Quest completion doesn’t exist in isolation. It needs to grant items (Inventory feature) and award XP (Progression feature). These interactions happen through Use Case interfaces:

Features/
  Quests/
    UseCases/
      CompleteQuestUseCase  ->  depends on IAddItem, IGrantXP
  Inventory/
    UseCases/
      IAddItem              <-  published by Inventory
  Progression/
    UseCases/
      IGrantXP              <-  published by Progression

The Quest slice depends on interfaces from other features, never on their internals. It doesn’t know how the inventory stores items or how the progression system calculates level-ups. If the Inventory feature is completely rewritten internally, the Quest feature doesn’t change - as long as IAddItem still works.

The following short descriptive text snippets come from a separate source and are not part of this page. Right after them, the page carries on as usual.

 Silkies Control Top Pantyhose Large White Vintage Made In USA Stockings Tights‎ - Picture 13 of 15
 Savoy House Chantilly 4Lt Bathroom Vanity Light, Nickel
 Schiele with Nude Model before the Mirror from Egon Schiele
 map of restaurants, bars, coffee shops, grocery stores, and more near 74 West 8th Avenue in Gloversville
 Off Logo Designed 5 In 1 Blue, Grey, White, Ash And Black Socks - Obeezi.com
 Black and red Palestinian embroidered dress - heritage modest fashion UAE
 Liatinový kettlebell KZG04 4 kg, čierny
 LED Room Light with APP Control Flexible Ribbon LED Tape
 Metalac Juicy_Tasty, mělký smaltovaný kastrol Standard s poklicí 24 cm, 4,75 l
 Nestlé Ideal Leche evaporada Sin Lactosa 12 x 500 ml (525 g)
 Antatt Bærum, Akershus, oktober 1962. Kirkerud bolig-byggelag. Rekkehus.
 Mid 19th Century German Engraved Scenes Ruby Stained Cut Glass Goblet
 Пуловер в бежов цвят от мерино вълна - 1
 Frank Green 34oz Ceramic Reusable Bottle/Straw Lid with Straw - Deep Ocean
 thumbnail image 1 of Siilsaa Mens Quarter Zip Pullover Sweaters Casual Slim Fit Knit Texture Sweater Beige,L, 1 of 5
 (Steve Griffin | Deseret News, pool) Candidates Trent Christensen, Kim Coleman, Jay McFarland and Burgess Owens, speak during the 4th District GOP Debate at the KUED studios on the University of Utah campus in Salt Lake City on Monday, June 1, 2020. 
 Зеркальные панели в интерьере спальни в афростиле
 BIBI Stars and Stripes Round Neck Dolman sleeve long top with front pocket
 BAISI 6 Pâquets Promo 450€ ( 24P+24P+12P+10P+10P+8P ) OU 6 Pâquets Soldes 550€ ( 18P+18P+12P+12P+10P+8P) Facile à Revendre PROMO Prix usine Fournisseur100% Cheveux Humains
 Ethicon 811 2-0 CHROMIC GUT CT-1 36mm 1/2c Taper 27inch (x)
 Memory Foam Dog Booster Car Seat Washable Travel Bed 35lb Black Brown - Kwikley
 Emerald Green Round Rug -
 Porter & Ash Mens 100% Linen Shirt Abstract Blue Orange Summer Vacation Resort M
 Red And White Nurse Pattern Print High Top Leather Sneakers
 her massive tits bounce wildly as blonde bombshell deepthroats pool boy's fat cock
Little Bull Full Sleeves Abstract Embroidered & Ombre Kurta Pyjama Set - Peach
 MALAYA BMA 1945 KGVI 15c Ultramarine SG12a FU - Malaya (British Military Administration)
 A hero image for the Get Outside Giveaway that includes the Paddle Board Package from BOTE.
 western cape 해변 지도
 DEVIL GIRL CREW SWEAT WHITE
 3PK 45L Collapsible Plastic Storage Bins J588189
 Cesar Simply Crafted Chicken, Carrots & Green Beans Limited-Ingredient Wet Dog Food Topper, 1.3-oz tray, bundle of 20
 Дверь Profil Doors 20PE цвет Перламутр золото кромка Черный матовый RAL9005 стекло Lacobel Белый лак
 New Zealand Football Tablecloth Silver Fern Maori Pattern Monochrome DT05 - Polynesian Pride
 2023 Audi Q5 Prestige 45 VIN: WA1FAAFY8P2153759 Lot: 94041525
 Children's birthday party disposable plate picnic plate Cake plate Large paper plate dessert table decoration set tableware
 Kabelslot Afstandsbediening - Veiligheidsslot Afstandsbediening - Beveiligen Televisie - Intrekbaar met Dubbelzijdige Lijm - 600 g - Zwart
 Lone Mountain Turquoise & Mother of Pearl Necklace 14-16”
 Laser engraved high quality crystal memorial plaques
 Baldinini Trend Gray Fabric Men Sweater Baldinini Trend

This makes the dependency graph visible in the folder structure itself. Open CompleteQuestUseCase, see its constructor parameters, and you know exactly which other features this slice talks to and through what contracts.

When Slices Share Code

Sometimes two features need the same type. ItemId might appear in both Quest rewards and Inventory operations. PlayerId might be everywhere. These shared domain types live in a shared Core module - a small, stable set of types that multiple features reference.

Features/
  Shared/
    Core/
      ItemId
      PlayerId
      Currency
  Quests/
    ...
  Inventory/
    ...

Keep the shared module small. If it grows large, it’s a signal: either two features are more coupled than you thought (and should be one feature), or a third feature is hiding inside the shared code and should be extracted into its own slice.